Re: Some (v. late) Comments on the RDF Data Access Charter

I responded to many of Brian's more editorial comments. The latter
ones involve more specification of deliverables and working group
logistics so I need to figure out how flexible this charter before
addressing them.

On Mon, Jan 05, 2004 at 04:33:46PM -0000, Brian McBride wrote:
> I have finally found some time to take a look over the RDF data access
> charter [1].  I realise these comments are very late, but am sending them in
> case they might still be useful.
> 
> 1.  The charter states that the principal task of the WG is to define a
> protocol for subgraph selection.  One of the justifications for this WG is
> that there a number of RDF query languages about and now is a good time to
> standardize.  Whilst my knowledge is somewhat limited, my understanding is
> that many of the existing query languages focus on variable binding result
> sets rather than query subgraph extraction, which makes me wonder why this
> restriction is placed in the charter.
> 
> I appreciate there is a tricky balance between specifying a job the WG can
> do in a reasonable time and giving the WG design freedom, but it strikes me
> that perhaps the form of results required is something the WG might decide
> based on its requirements.

My hope:
Subgraph selection will not be seen as subgraph reporting.
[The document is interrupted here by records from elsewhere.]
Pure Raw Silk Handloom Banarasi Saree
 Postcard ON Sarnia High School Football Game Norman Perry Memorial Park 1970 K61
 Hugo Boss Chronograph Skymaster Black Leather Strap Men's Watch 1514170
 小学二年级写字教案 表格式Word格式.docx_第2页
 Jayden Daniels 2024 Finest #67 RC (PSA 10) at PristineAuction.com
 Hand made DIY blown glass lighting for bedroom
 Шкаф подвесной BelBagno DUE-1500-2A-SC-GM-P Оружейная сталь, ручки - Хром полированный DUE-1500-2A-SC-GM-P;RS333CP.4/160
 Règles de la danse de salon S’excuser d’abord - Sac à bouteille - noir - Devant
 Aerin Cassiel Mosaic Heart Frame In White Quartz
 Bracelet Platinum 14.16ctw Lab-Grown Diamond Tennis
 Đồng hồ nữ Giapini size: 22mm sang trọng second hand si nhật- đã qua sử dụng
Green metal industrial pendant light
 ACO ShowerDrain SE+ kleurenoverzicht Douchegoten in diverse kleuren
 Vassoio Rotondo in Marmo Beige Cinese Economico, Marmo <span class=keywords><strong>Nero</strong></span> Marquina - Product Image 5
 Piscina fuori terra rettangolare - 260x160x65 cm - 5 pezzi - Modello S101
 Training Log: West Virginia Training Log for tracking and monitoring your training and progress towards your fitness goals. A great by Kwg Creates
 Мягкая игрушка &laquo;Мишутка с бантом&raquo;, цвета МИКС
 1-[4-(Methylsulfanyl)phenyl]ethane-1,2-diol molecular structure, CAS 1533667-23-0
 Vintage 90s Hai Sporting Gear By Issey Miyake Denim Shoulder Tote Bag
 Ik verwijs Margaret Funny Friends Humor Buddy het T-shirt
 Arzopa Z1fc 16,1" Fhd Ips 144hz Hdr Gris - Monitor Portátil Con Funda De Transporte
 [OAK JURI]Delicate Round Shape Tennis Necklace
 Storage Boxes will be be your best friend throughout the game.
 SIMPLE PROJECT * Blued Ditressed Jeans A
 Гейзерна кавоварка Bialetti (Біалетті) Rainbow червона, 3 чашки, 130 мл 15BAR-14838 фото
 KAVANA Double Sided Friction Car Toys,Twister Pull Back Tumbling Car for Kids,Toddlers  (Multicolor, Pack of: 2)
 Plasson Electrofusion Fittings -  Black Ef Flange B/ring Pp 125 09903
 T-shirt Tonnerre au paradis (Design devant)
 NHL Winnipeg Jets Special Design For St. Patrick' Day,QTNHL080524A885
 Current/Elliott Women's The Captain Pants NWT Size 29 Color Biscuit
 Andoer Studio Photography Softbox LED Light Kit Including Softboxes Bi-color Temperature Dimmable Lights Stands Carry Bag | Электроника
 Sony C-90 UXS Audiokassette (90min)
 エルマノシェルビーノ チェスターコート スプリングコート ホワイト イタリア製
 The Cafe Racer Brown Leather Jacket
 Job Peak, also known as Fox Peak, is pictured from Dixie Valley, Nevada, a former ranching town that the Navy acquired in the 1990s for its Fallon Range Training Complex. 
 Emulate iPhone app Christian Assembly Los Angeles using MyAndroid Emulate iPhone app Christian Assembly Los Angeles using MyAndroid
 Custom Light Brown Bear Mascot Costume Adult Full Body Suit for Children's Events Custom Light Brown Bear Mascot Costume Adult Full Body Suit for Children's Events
The
existing languages first select a subgraph. There is then a split
between those that report the subgraph (a minority) and those that
report rows of bindings from the subgraph. The WG will be able to
decide what to report. I expect it will be able to report both.
The ResultsSet work trods down this path a bit.

> 2.  Whilst section states that the principal task of the WG is to define a
> protocol, much (all?) of the emphasis of the rest of the document is on a
> query language.  As written the charter might be interpretted as implying
> that the protocol and query language are tightly bound together.  I suggest
> rewording to encourage the working group to adopt a modular design approach,
> separating the protocol, language design and result encoding.

My excuse:
The protocol stuff came in later. I was hoping to draw a circle around
query and do that first (ala SQL) and leave the protocol work for
after the QL was well under way, perhaps with a smiley and successful
WG recharting for more work. It makes some sense to do the QL first
(if not in parallel) as one can test queries from the command line and
from simple ad-hoc GET protocols. However, many folks wanted the whole
thing solved at once so we added protocol to the charter.

You are quite likely right that they could be more integrated. I
wouldn't mind working on this, but need to consider whether the
product would be enough improved that it would be worth the setback in
review time. A finite set of diffs is easier to pass to reviewers.

Perhaps a paragraph in the scope section espousing the virtues of
modularity will do. As a challenge to this, I see provenance issues
poking into all three modules:

  query language: subgraph selection
    - expressivity
      - provenance identification ?
      - individual statement identification ?
    - syntax

  result encoding: reporting the subgraph
    - sets of bindings &&|| statements
    - provenance identification ?
    - individual statement identification ?

  protocol: manipulate stores, convey queries and results
    - provenance identification ?
    - individual statement identification ?

> 3. 1.1
> 
> There should either also be a Protocol requirements document or a joint
> document covering both language and and protocol requirements.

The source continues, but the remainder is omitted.